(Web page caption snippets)
++++

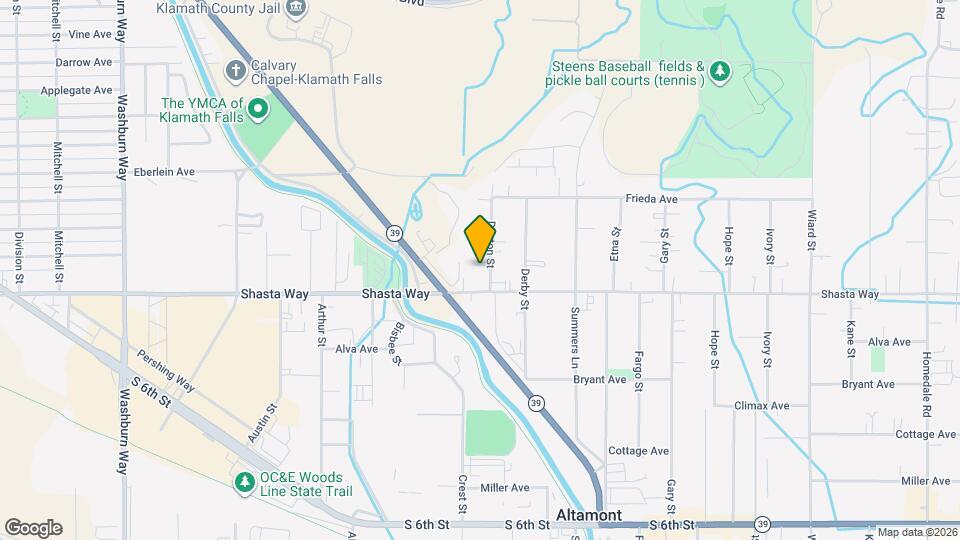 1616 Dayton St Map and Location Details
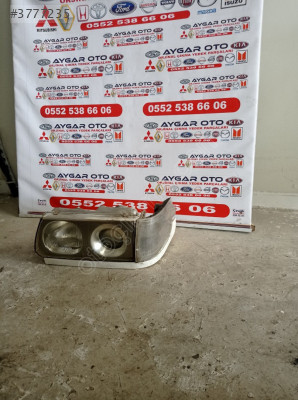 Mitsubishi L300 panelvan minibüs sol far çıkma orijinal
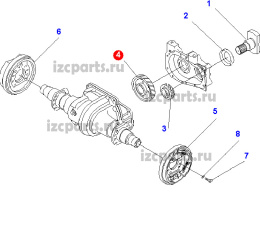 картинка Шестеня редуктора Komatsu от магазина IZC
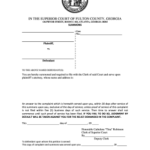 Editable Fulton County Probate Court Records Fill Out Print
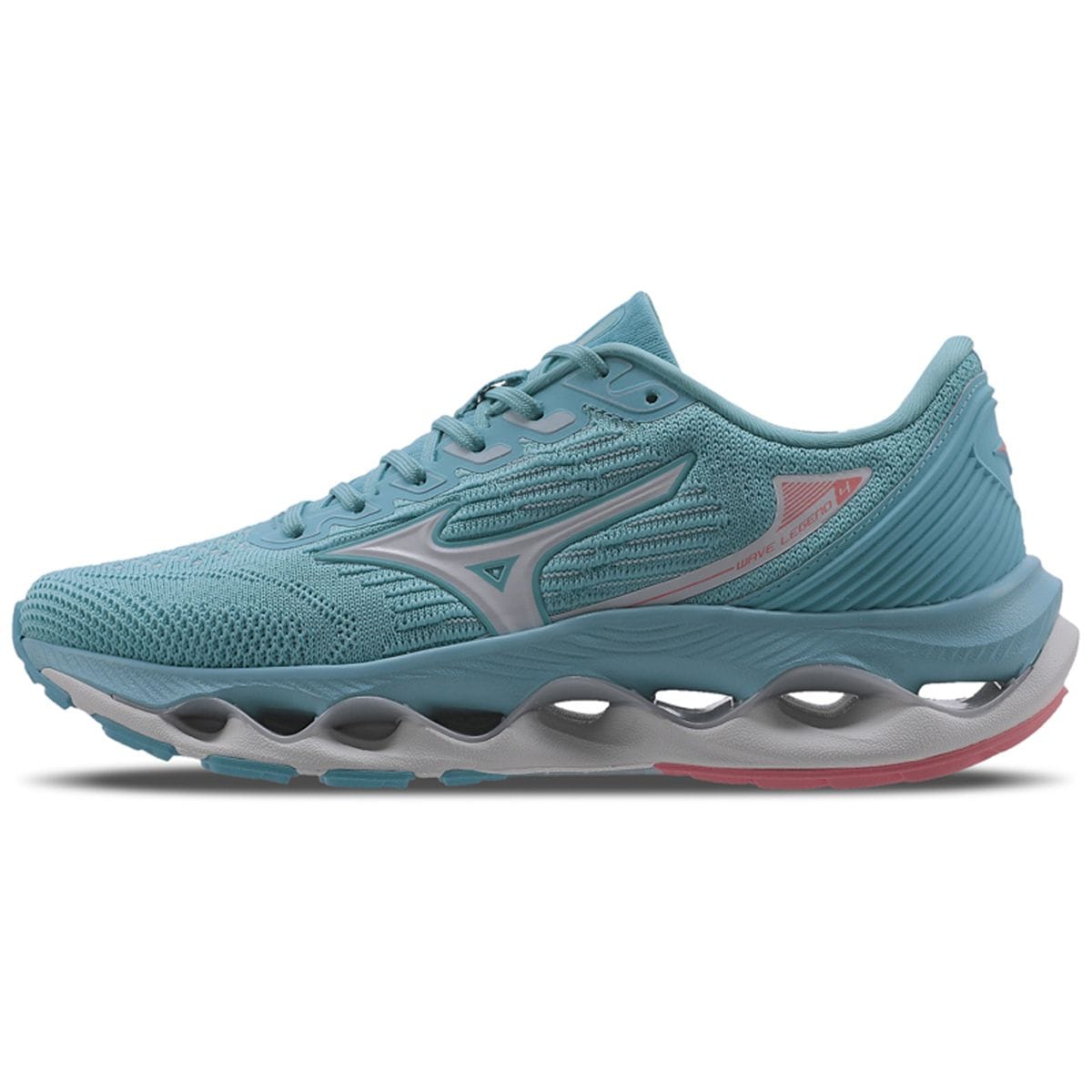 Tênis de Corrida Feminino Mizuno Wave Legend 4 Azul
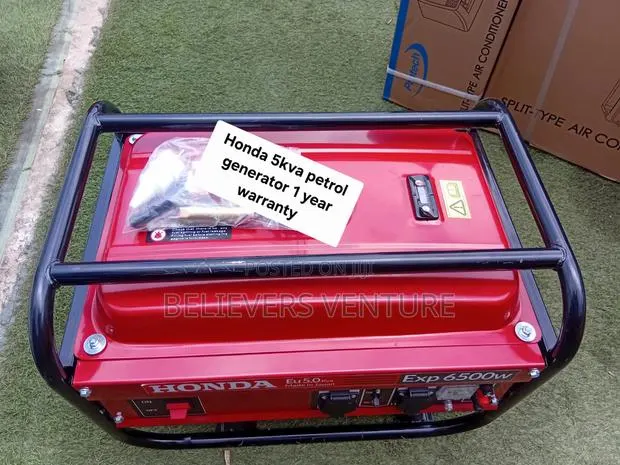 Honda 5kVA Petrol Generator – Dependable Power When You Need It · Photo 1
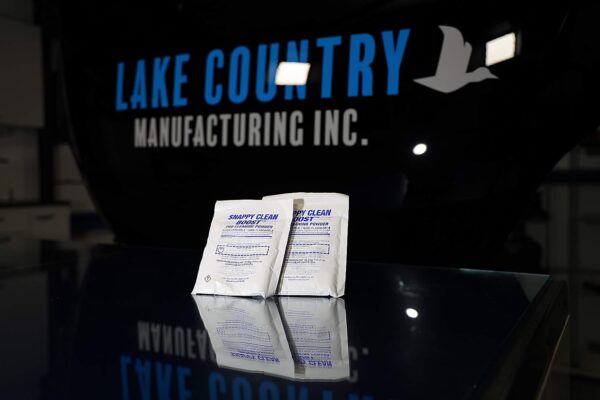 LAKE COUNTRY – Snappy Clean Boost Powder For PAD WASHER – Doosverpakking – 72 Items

++++

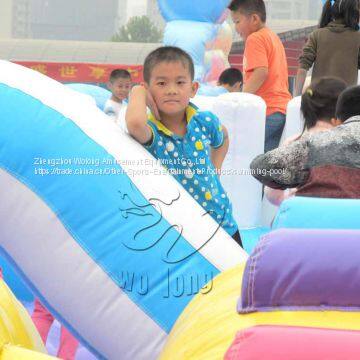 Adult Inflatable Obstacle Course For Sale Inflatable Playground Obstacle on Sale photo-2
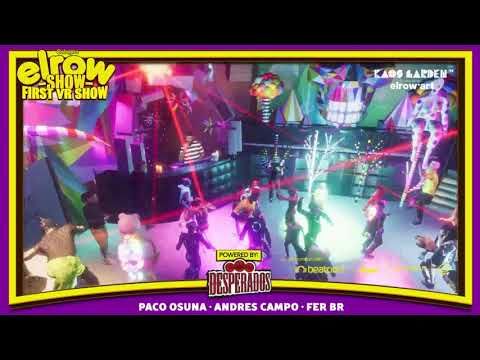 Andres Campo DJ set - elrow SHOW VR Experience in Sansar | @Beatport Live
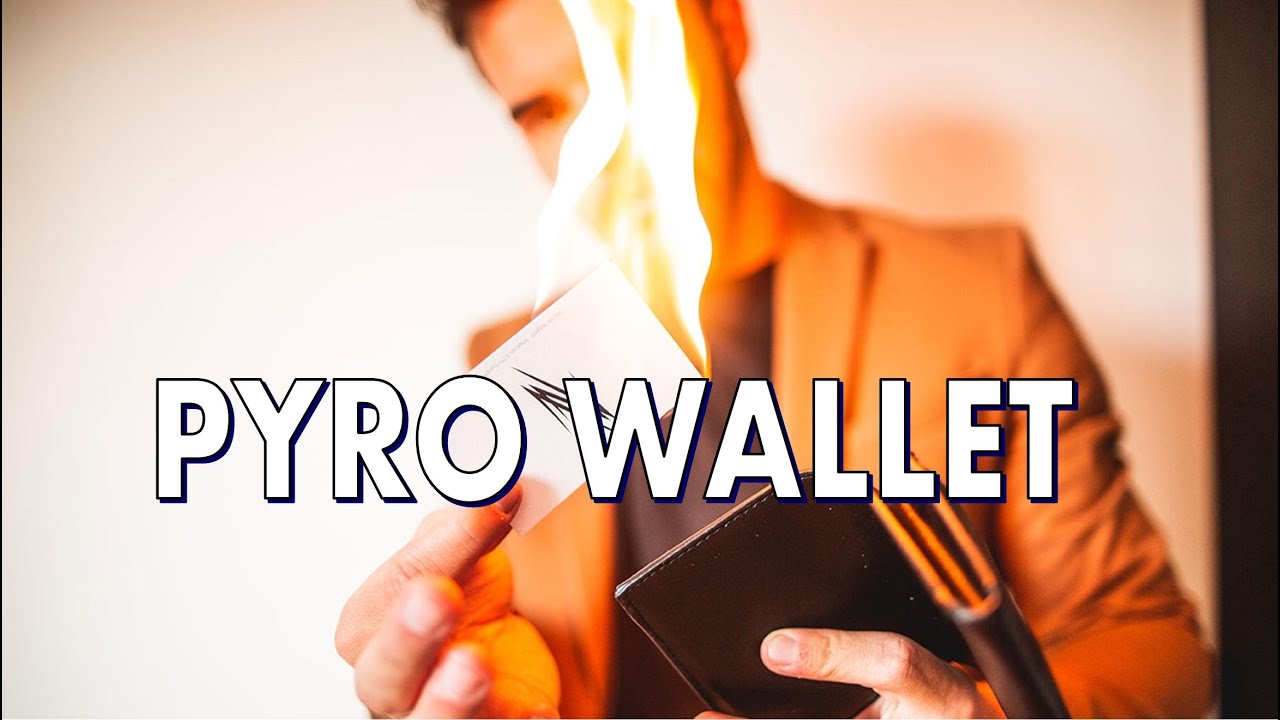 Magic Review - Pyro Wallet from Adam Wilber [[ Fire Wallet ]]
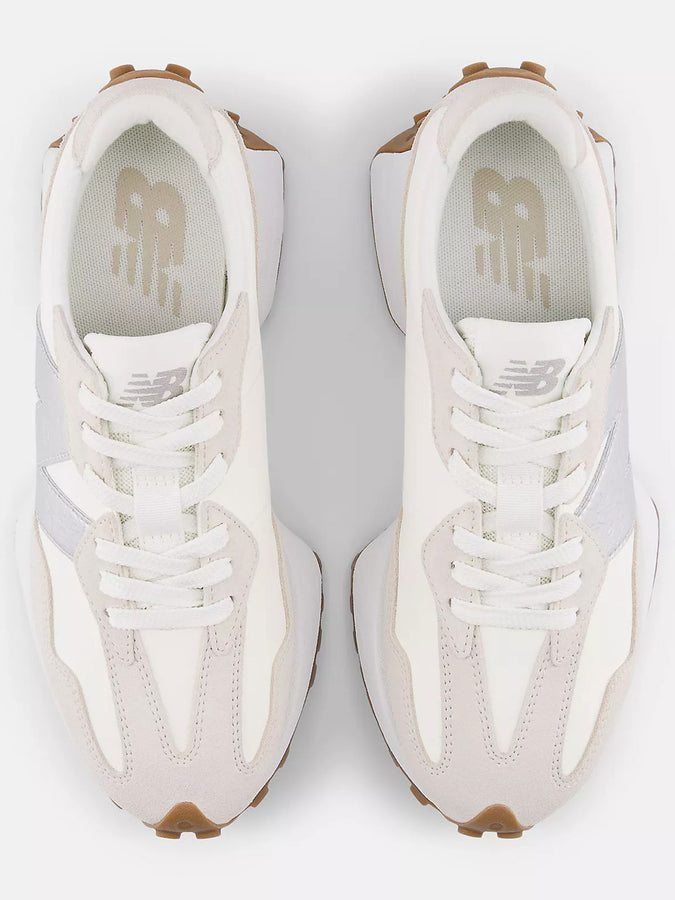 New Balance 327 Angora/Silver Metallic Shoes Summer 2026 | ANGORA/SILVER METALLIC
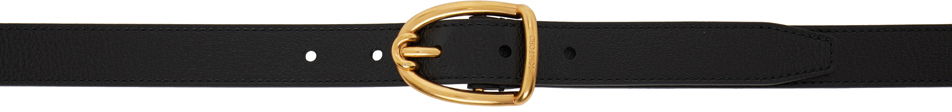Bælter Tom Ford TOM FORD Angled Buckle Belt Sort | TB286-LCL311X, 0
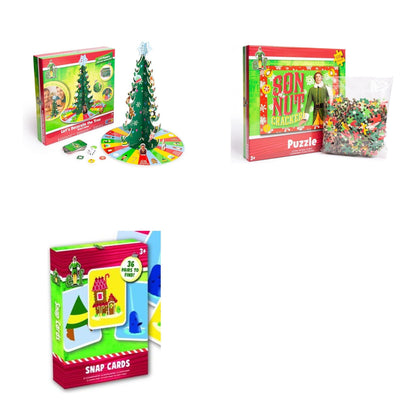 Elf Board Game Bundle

++++

• To do
Copy word for word the span of the records above that begins at the line with "Bælter Tom Ford" and ends at the line with "Elf Board Game Bundle", including those two lines but not the pictures.

• Answer to this task
Bælter Tom Ford TOM FORD Angled Buckle Belt Sort | TB286-LCL311X, 0
 Elf Board Game Bundle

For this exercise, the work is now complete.